Parkening and Hendrix – Teaching and Preaching

Many years ago Christopher Parkening, the famous classical guitarist, came to perform a concert here, at the newly renovated Pantages Theater in Tacoma.  My wife and I admire Parkening.  He not only is a great artist, but he is an openly evangelical Christian.  Prominent music critics have praised him as “the leading guitar virtuoso of our day, combining profound musical insight with complete technical mastery of his instrument” and “America’s reigning classical guitarist, carrying the torch of his mentor, the late Andrés Segovia” (the Washington Post and the Los Angeles Times).

When we arrived at the theater, the line of people waiting to get in extended all through the lobby area and out onto the sidewalk, several blocks long.  I’d never seen anything like it here.  When the concert began, we saw him modestly walk on stage; there was a single chair on the stage, with a microphone on the floor in front of it.  Parkening sat down to play.  All the pieces were solo.  The music was subdued at first, a piece by Bach.  Gradually the program expanded as he played other works in various styles.  There were no stage gimmicks, yet he held us all enthralled for a lengthy concert, with several encores.  It truly was a memorable evening.  Parkening had a way of playing with perfect fidelity to the piece and a simplicity that made the hardest technical passages seem clear and easy.  The beauty of the music was, if anything, understated.  I was convinced that Parkening was the ultimate guitarist.

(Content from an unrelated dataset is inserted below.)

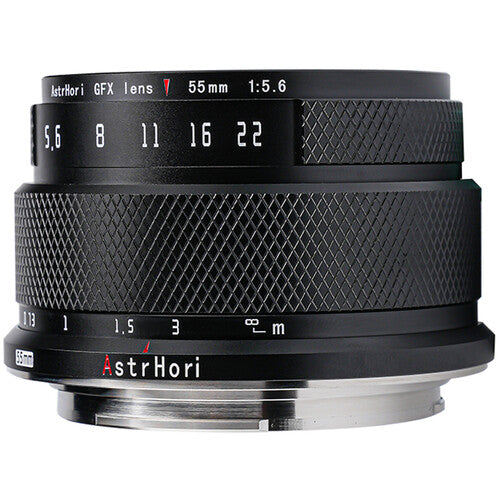 AstrHori 55mm f5.6 Objetivo Medio Formato 43mm Equivalente ISO Fujifilm G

A few years later in a class here at seminary I mentioned my estimation of Parkening, and one of my students dared to contradict me!  He said the greatest guitarist was Jimi Hendrix!  I was, and still am, pretty unfamiliar with his music.  I’ve never liked rock music and have very little knowledge of it.  Besides, Hendrix played a different instrument, the electric guitar—so how could he be compared with Parkening?  I remembered what that student said, but thought little about it until a few months ago, when I came across Hendrix’s music itself.

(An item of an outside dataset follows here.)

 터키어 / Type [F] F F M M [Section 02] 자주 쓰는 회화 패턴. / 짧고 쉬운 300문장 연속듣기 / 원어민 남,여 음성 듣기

Someone on Facebook sent out a link showing Jimi Hendrix playing at Woodstock in 1969—the national anthem, “The Star-Spangled Banner.”  Curious, I clicked on the link and watched and listened to the clip on YouTube.  My first reaction was, “This is weird!”  I watched it twice.  I couldn’t process it; it was mesmerizing.  Hendrix used the guitar in ways that broke the mold of guitar literature.  The image and sounds of his version of the anthem have remained with me since.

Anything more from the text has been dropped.